This article was published 25/08/2022 (852 days ago), so information in it may no longer be current.
There are times when an apology is enough; when a sincere expression of contrition for wrongs done is what’s required to allow all involved in a bad situation to move forward.
The appearance this week by RCMP Commissioner Brenda Lucki before Nova Scotia’s Mass Casualty Commission — the public inquiry into the April 2020 shooting spree that lasted 13 hours and resulted in 22 deaths — was most certainly not one of those times.
Ms. Lucki’s testimony before the commission did include an apology, but of a sort that was so long delayed and so vague as to render it essentially meaningless.

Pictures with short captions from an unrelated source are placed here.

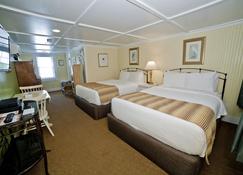 Georgianne Inn & Suites - טיבי איילנד - חדר שינה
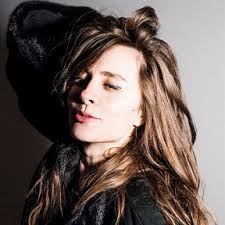 Sabina : écoute gratuite, téléchargement MP3, video-clips, bio, concerts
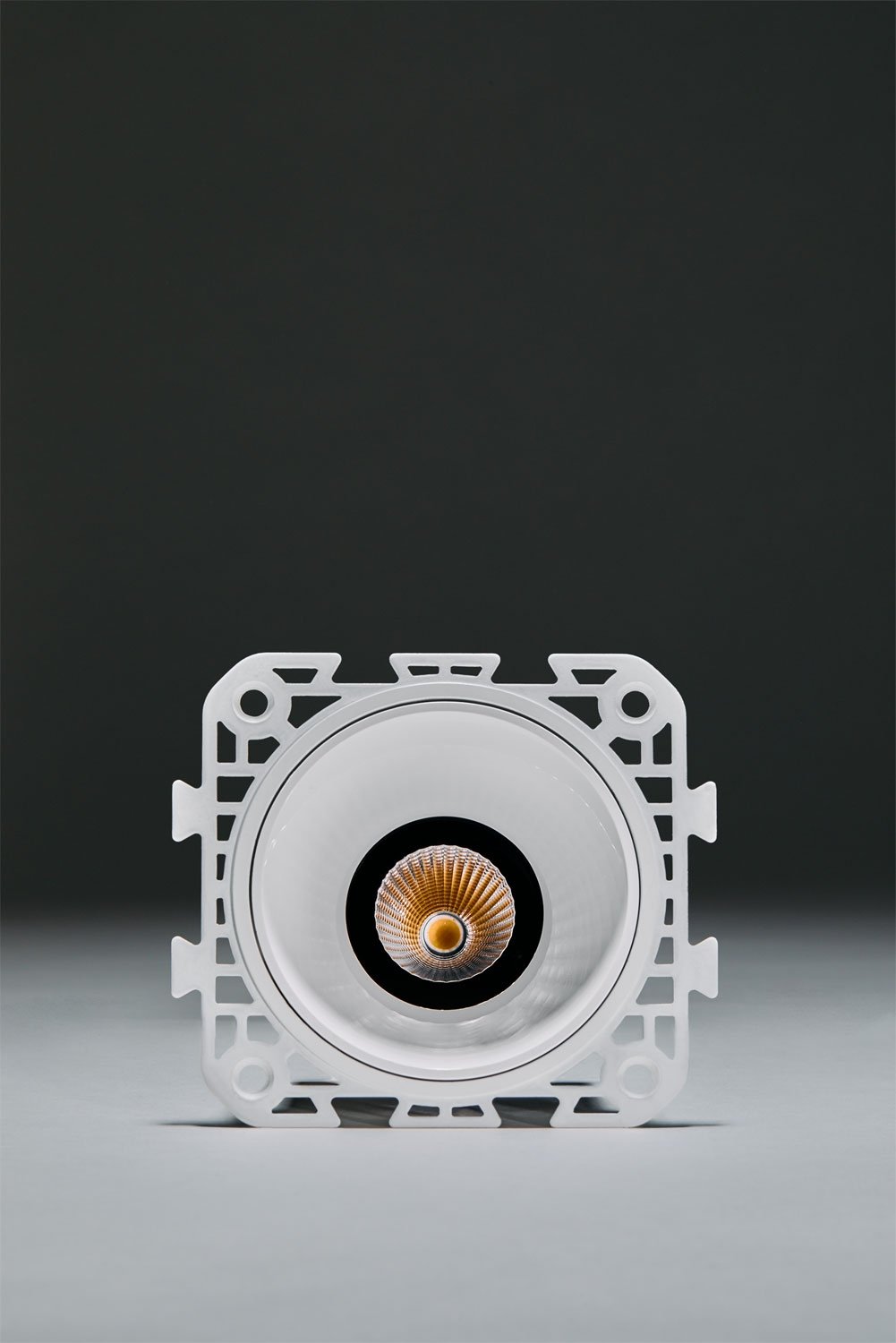 Pack da 4 downlight LED da incasso senza cornice trimless rotondi Ø6,8 cm in alluminio Orelva, imagen de galeria 6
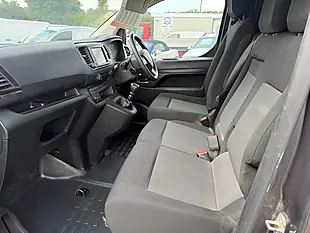 Used 2023 Vauxhall Vivaro Pro Grey - Interior and Exterior details 12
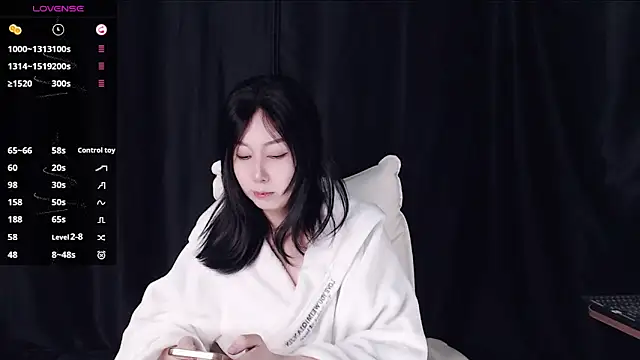 Snapshot of qianqian_ chatting on 03-22-26, 02:20 qianqian online show from 03-22-26, 02:20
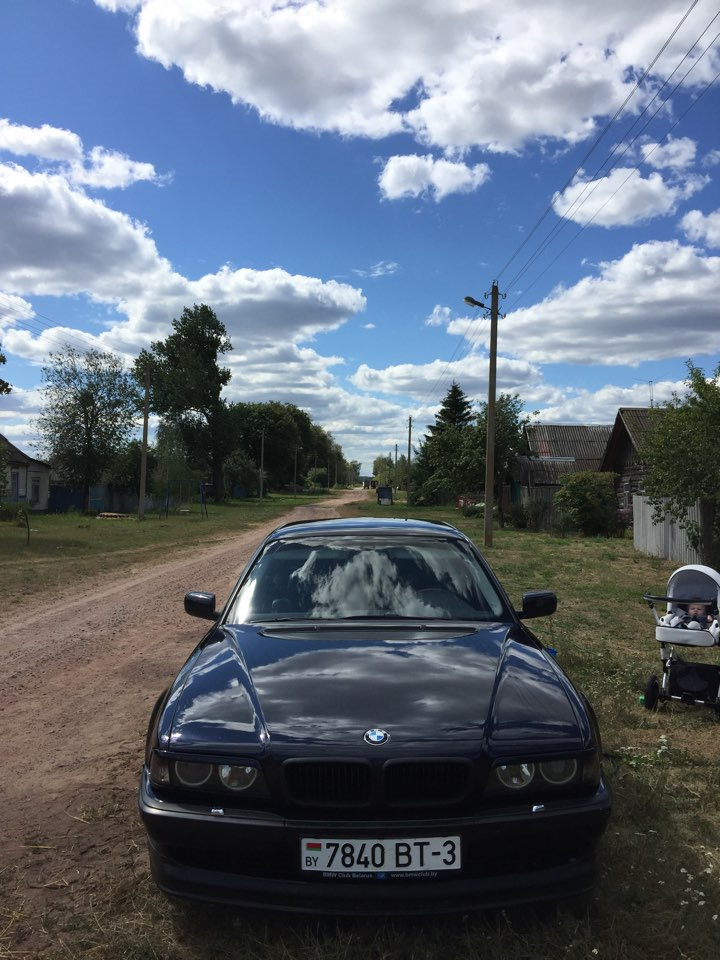 Фото в бортжурнале BMW 7 series (E38)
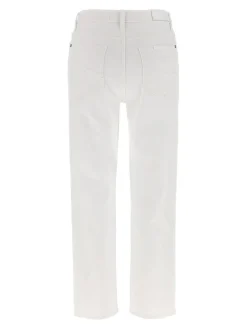 Jeans alla caviglia e facile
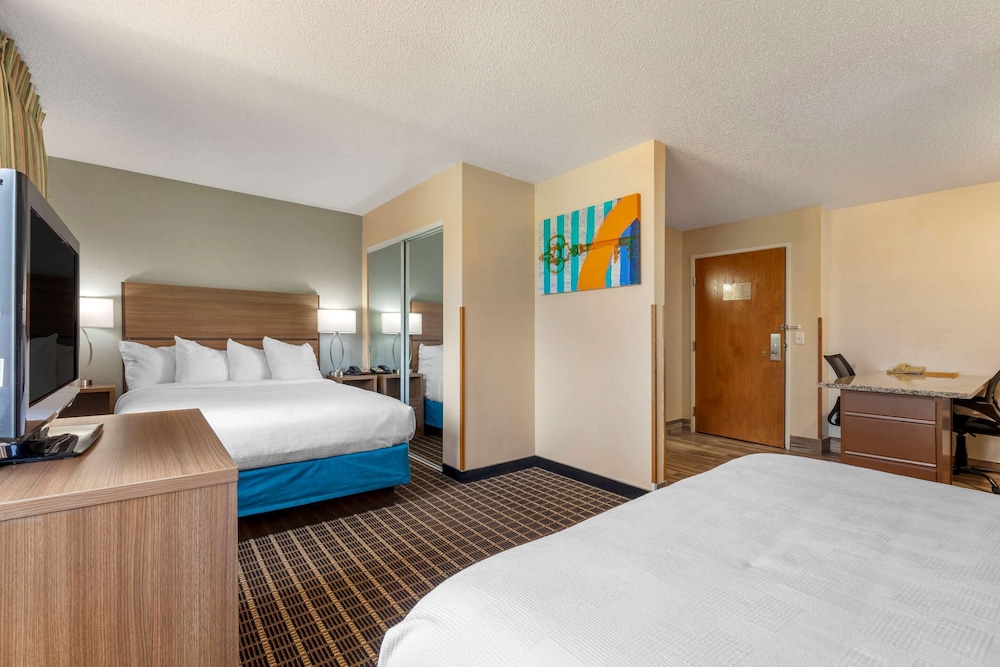 MainStay Suites Dubuque at Hwy 20 16/36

“I want to apologize for the RCMP, but in such a way that we weren’t what you expected us to be and I don’t think we were what you wanted us to be or what you needed us to be,” the commissioner said Wednesday at the end of her second day of testimony, in which she was grilled repeatedly by lawyers for the victims’ families about the force’s inadequate response and its seeming inability to incorporate any lessons learned into its current practice.
“I wish that we could have been more and we could have been different and we could have predicted and we could have had more hindsight.”
If that’s the best its top commander can muster in terms of an apology, it’s little wonder Nova Scotia — and for that matter, Canada as a whole — has lost much of its confidence in and respect for the RCMP.
That the mass-murder incident itself — in which a 51-year-old denturist with a documented history of violent behaviour acquired semi-automatic weapons and a replica police vehicle and embarked on a murderous rampage to which the RCMP was clearly ill prepared to react — is an outrage goes without saying.
What’s doubly concerning — insult added to injury, as it were — is Ms. Lucki’s revelation the RCMP has implemented no reforms in the 28 months since the Nova Scotia tragedy, particularly in relation to the egregious failure to warn the public that an active-shooter incident was ongoing.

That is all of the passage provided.